Terres Inovia conseille de maintenir une intervention herbicide en prélevée pour permettre un contrôle précoce du ray-grass. Pourtant, cette intervention n’est pas systématiquement réalisée dans des situations à risque. Outre les impasses en prélevée, un trop grand nombre de parcelles voient l’application reportée en post levée précoce. Ce décalage, certes sécurisant (vis-à-vis du risque de mauvaise levée du colza et des difficultés de remplacement après une intervention à base de chloroacétamides), s’avère néanmoins bien moins efficace sur ray-grass qu’en prélevée stricte. Les premières levées de ray-grass sont concomitantes à celles du colza. Par conséquent, une application après les premières levées de ray-grass rend l’effet antigerminatif inopérant sur ces premières levées. 

Sur 10 essais réalisés par Terres Inovia, il est mis en évidence une perte d’efficacité moyenne de 15 points pour une application de post-levée précoce, par rapport à une prélevée comme le montre la figure 1. 

Les fenêtre de semis 2024, plutôt sécurisantes pour les levées grâce aux pluies régulières auraient dû favoriser les interventions de prélevée, même à bas coût. Ceci aurait permis d’éviter les nombreuses situations problématiques que nous rencontrons aujourd’hui vis-à-vis de l’adventice.

Point sur les solutions de post levée : Entre résistance et conditions d’application

La résistance désormais fréquente, voire généralisée aux molécules inhibitrices de l’ACCase (familles dites des « fop » et « dime »), rend les antigraminées foliaires bien souvent inefficaces. 

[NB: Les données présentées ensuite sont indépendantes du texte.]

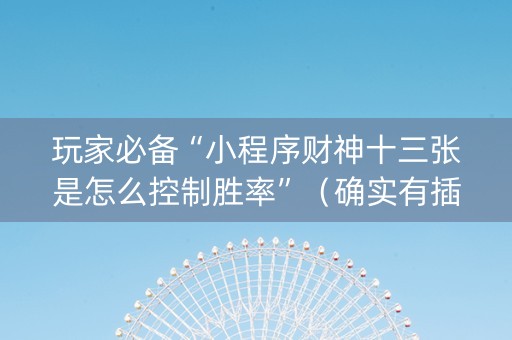 玩家必备“小程序财神十三张是怎么控制胜率”（确实有插件吗)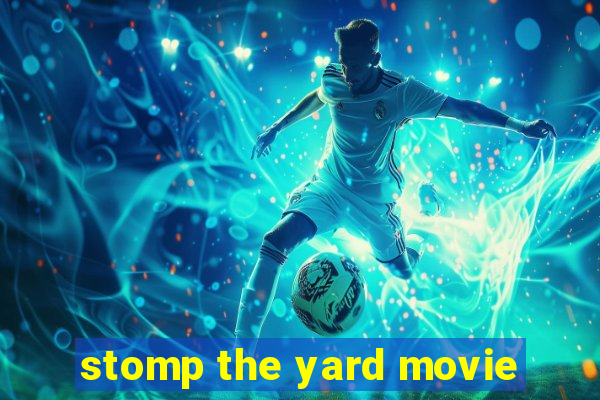 stomp the yard movie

La propyzamide présente par exemple dans le Kerb, ou le Ielo (associé à l’aminopyralide), représente le dernier levier chimique efficace sur des ray-grass levés. Cette molécule à action racinaire présente une rémanence intéressante dont dépend l’essentiel de son efficacité. Or, cette rémanence n’est permise qu’en conditions froides et humides. Appliquée trop tôt sur des sols encore bien réchauffés, la molécule se dégrade et s’avère d’une efficacité insuffisante. Par conséquent, son utilisation ne sera recommandée qu’à partir du mois de novembre. Les causes d’échec sont souvent dues à des conditions d’application non respectées.

La voie du mécanique, un levier efficace !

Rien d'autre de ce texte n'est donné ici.